### [EXTRACTED ENTRIES]
[Start of Attachment]

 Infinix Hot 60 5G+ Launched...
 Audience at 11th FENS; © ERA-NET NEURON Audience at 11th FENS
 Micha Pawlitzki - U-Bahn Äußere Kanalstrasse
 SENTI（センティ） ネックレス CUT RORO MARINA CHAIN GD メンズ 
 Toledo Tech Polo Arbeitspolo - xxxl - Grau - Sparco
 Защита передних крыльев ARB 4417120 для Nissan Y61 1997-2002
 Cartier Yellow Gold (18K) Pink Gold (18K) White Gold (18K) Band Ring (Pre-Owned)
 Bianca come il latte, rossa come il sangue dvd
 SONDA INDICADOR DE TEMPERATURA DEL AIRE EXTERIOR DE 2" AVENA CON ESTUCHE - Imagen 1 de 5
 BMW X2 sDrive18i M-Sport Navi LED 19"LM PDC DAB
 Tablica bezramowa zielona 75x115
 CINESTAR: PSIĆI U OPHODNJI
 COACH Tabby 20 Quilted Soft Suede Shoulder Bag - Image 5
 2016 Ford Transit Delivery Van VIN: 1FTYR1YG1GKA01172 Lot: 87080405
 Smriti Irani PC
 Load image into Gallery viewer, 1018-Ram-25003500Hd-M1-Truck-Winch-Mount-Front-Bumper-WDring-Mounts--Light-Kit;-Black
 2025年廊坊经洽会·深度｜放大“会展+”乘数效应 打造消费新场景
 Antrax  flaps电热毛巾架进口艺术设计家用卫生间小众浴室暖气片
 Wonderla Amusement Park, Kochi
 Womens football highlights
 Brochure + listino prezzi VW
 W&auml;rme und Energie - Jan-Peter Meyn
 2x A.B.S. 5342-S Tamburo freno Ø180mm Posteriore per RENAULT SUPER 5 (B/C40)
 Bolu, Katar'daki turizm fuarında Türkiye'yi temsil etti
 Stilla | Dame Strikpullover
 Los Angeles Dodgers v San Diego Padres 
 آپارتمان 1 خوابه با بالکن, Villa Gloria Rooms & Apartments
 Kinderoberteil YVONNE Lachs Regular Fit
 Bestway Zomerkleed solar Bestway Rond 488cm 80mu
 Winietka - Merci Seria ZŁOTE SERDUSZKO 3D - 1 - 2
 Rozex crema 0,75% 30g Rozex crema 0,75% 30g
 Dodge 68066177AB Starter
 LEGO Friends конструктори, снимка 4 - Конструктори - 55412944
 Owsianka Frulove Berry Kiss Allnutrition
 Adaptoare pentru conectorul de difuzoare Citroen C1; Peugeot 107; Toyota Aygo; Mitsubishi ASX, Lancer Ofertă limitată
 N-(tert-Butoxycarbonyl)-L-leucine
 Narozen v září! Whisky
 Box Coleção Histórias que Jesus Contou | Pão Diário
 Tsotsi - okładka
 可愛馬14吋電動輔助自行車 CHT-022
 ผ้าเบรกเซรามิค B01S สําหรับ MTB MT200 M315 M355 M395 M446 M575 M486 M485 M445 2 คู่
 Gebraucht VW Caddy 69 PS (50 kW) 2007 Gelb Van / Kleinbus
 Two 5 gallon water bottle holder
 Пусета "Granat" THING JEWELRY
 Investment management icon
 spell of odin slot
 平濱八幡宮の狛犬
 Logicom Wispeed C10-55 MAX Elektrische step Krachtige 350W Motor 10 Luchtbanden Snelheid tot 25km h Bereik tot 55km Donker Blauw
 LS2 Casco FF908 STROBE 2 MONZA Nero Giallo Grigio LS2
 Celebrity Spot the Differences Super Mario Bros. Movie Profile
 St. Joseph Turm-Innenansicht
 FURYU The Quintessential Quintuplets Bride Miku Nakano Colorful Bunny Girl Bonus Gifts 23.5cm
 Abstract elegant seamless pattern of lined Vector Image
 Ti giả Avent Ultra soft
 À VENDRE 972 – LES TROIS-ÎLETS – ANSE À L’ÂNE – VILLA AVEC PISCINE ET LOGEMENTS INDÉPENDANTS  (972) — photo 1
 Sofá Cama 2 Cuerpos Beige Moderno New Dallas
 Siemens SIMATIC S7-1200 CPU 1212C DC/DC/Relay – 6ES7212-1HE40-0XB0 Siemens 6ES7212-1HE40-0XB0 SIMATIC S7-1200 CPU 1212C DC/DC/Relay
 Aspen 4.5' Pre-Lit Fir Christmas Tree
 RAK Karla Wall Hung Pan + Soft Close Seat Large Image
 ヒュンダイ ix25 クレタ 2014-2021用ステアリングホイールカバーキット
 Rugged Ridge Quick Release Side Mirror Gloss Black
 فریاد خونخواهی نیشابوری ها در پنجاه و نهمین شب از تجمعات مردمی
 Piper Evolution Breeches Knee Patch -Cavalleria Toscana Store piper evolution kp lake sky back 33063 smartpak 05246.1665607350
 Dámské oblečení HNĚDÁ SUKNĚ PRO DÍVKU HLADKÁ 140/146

[End of Attachment]

### [WHAT IS EXPECTED]
Transcribe, please, every line from the first line of the listing above through the line with "可愛馬14吋電動輔助自行車 CHT-022". Keep both ends and nothing else.

### [SOLUTION]
 Infinix Hot 60 5G+ Launched...
 Audience at 11th FENS; © ERA-NET NEURON Audience at 11th FENS
 Micha Pawlitzki - U-Bahn Äußere Kanalstrasse
 SENTI（センティ） ネックレス CUT RORO MARINA CHAIN GD メンズ 
 Toledo Tech Polo Arbeitspolo - xxxl - Grau - Sparco
 Защита передних крыльев ARB 4417120 для Nissan Y61 1997-2002
 Cartier Yellow Gold (18K) Pink Gold (18K) White Gold (18K) Band Ring (Pre-Owned)
 Bianca come il latte, rossa come il sangue dvd
 SONDA INDICADOR DE TEMPERATURA DEL AIRE EXTERIOR DE 2" AVENA CON ESTUCHE - Imagen 1 de 5
 BMW X2 sDrive18i M-Sport Navi LED 19"LM PDC DAB
 Tablica bezramowa zielona 75x115
 CINESTAR: PSIĆI U OPHODNJI
 COACH Tabby 20 Quilted Soft Suede Shoulder Bag - Image 5
 2016 Ford Transit Delivery Van VIN: 1FTYR1YG1GKA01172 Lot: 87080405
 Smriti Irani PC
 Load image into Gallery viewer, 1018-Ram-25003500Hd-M1-Truck-Winch-Mount-Front-Bumper-WDring-Mounts--Light-Kit;-Black
 2025年廊坊经洽会·深度｜放大“会展+”乘数效应 打造消费新场景
 Antrax  flaps电热毛巾架进口艺术设计家用卫生间小众浴室暖气片
 Wonderla Amusement Park, Kochi
 Womens football highlights
 Brochure + listino prezzi VW
 W&auml;rme und Energie - Jan-Peter Meyn
 2x A.B.S. 5342-S Tamburo freno Ø180mm Posteriore per RENAULT SUPER 5 (B/C40)
 Bolu, Katar'daki turizm fuarında Türkiye'yi temsil etti
 Stilla | Dame Strikpullover
 Los Angeles Dodgers v San Diego Padres 
 آپارتمان 1 خوابه با بالکن, Villa Gloria Rooms & Apartments
 Kinderoberteil YVONNE Lachs Regular Fit
 Bestway Zomerkleed solar Bestway Rond 488cm 80mu
 Winietka - Merci Seria ZŁOTE SERDUSZKO 3D - 1 - 2
 Rozex crema 0,75% 30g Rozex crema 0,75% 30g
 Dodge 68066177AB Starter
 LEGO Friends конструктори, снимка 4 - Конструктори - 55412944
 Owsianka Frulove Berry Kiss Allnutrition
 Adaptoare pentru conectorul de difuzoare Citroen C1; Peugeot 107; Toyota Aygo; Mitsubishi ASX, Lancer Ofertă limitată
 N-(tert-Butoxycarbonyl)-L-leucine
 Narozen v září! Whisky
 Box Coleção Histórias que Jesus Contou | Pão Diário
 Tsotsi - okładka
 可愛馬14吋電動輔助自行車 CHT-022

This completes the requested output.